The assembly of credentials and endorsements leading to successful admission has become a life template for many ambitious students of all backgrounds. The result has been what might be called premature portfolio syndrome, not necessarily healthy for minds and personalities still in development. The ability of well-intentioned admissions officers to predict future performance (as opposed to competing with their peers at other colleges for the most highly rated candidates), unlike the skill of university investment specialists in picking securities, remains as impossible to predict in the long run as it did decades ago, when Harvard rejected the “sparse country” applicant Warren Buffett. Harvard has been home to the leading longitudinal investigation of college graduates, the Grant Study of the psychiatry professor George Vaillant, but it’s not certain whether to what extent the later life experiences of Harvard sophomores of 1937 can be generalized to humanity, much less inform Harvard admissions policies today.

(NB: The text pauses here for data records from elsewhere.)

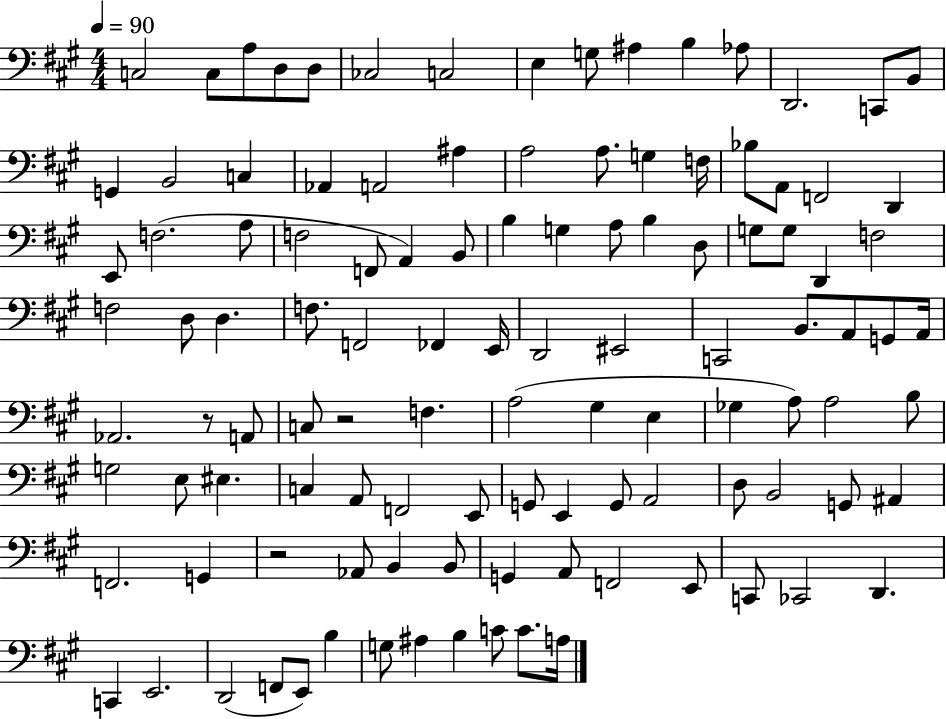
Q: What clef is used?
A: bass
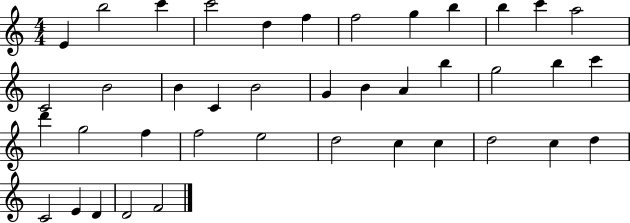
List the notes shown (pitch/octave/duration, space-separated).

E4/q B5/h C6/q C6/h D5/q F5/q F5/h G5/q B5/q B5/q C6/q A5/h C4/h B4/h B4/q C4/q B4/h G4/q B4/q A4/q B5/q G5/h B5/q C6/q D6/q G5/h F5/q F5/h E5/h D5/h C5/q C5/q D5/h C5/q D5/q C4/h E4/q D4/q D4/h F4/h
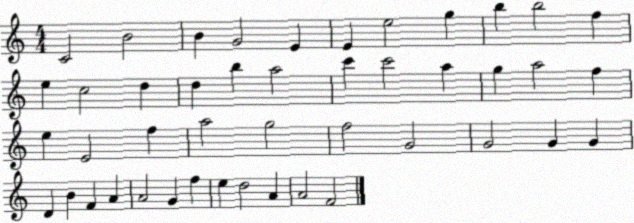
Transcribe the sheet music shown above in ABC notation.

X:1
T:Untitled
M:4/4
L:1/4
K:C
C2 B2 B G2 E E e2 g b b2 f e c2 d d b a2 c' c'2 a g a2 f e E2 f a2 g2 f2 G2 G2 G G D B F A A2 G f e d2 A A2 F2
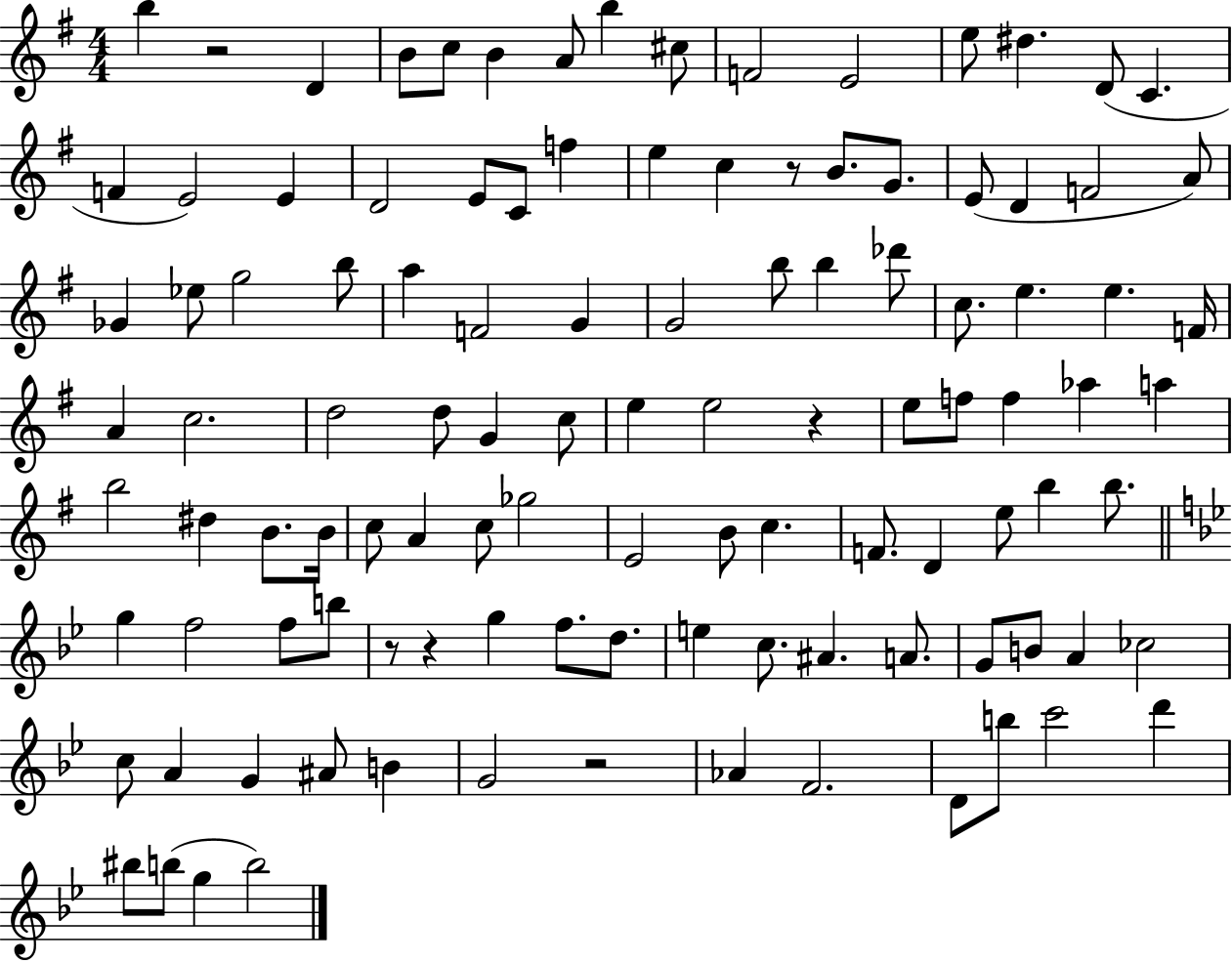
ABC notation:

X:1
T:Untitled
M:4/4
L:1/4
K:G
b z2 D B/2 c/2 B A/2 b ^c/2 F2 E2 e/2 ^d D/2 C F E2 E D2 E/2 C/2 f e c z/2 B/2 G/2 E/2 D F2 A/2 _G _e/2 g2 b/2 a F2 G G2 b/2 b _d'/2 c/2 e e F/4 A c2 d2 d/2 G c/2 e e2 z e/2 f/2 f _a a b2 ^d B/2 B/4 c/2 A c/2 _g2 E2 B/2 c F/2 D e/2 b b/2 g f2 f/2 b/2 z/2 z g f/2 d/2 e c/2 ^A A/2 G/2 B/2 A _c2 c/2 A G ^A/2 B G2 z2 _A F2 D/2 b/2 c'2 d' ^b/2 b/2 g b2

The racial and ethnic basis of the Harvard lawsuit may have brought important documents to light, but it has also tended to obscure an issue often noted but never resolved. Is the pitch of competition a healthy force for genuine excellence, or has the game finally turned into self-parody? Could the alleged discrimination against Asian Americans stem from their misunderstanding of the invisible rule book? How could they have known about Harvard’s “busy and bright” designation, a phrase emitting an almost audible buzzer, or even gong?

Looking beyond ethnic equity, this case is an opportunity for Harvard and other universities to consider their policies in the light of the behavioral and social science they have conducted themselves. Perhaps we shouldn’t rage against the clunky and costly admissions machine; perhaps it can be shown to be the best compromise possible in an imperfect world. But let’s not assume that. Let’s not wait for a Supreme Court decision.

Many relevant ideas are already there. It’s time for college presidents to read more books by their own faculty members.


Edward Tenner is a distinguished scholar of the Smithsonian’s Lemelson Center, a visiting scholar in the Rutgers University department of history and author, most recently, of The Efficiency Paradox: What Big Data Can’t Do (Random House).